Friday, September 18, 2020

New Reception Desk Debuts at MIHM

Artist J.J. Stinchcomb, donors Bill and Karen Young and artist Peter  Sottong with the newly refurbished reception desk at the Marco Island Historical Museum. PHOTOS BY NOELLE H. LOWERY

Artist J.J. Stinchcomb, donors Bill and Karen Young and artist Peter Sottong with the newly refurbished reception desk at the Marco Island Historical Museum. PHOTOS BY NOELLE H. LOWERY

By Noelle H. Lowery
noelle@coastalbreezenews.com

Regular patrons of the Marco Island Historical Museum will notice something different about the lobby when they walk in during their next visit.

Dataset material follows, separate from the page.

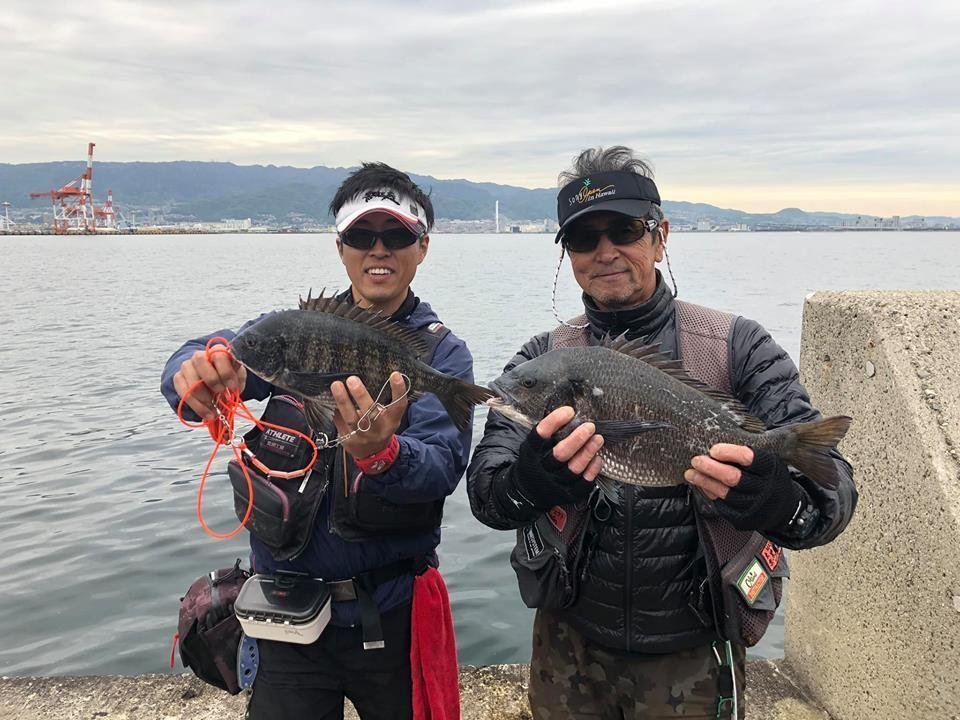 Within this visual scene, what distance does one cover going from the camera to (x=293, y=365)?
3412 millimetres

Thanks to a generous monetary donation by Bill and Karen, the museum was able to secure a new reception desk and have it refurbished by local artist J.J. Stinchcomb.

The Youngs have been major contributors to the Marco Island Historical Society and its museum since it was built. “We felt like it was a little piece of Marco that was missing,” says Bill of the museum. As a result of the Youngs’ donation, the desk has been named in their honor.

According to Lori Wagor, enterprise manager for MIHS, the counter was given to the museum recently, and officials weren’t certain what to do with it at first. “Someone gave us this 1960s counter with brass trim and a laminate countertop,” explains Wagor. “I kept looking at it, trying to figure out what to do with it…Then, I had a eureka moment, and thought of J.J. Stinchcomb.”

Stinchcomb is known throughout Southwest Florida for his amazing oil paintings, murals and portraits. However, it was his work with faux finishes and plaster that drew Wagor to him. “The counter just called for his application. He came in, and looked at the counter. He brought samples of various applications in,” Wagor recounts.

“At first, I was just going to do a textured finished,” Stinchcomb says. “Then, someone brought in a cut palm frond, and we ended up with this fossilized, antiquated finish that incorporates plaster and a troll-over wax. It is one of my favorite finishes.” It was an arduous process. Between sanding, taping, filling joints and cracks and drying time for the plaster, the project took nine days to complete.

Adorning the desk are Peter Sottong’s paintings of various mask artifacts and photographs of replicas that can be found in the museum.

“They have done a lovely job with it,” Bill adds.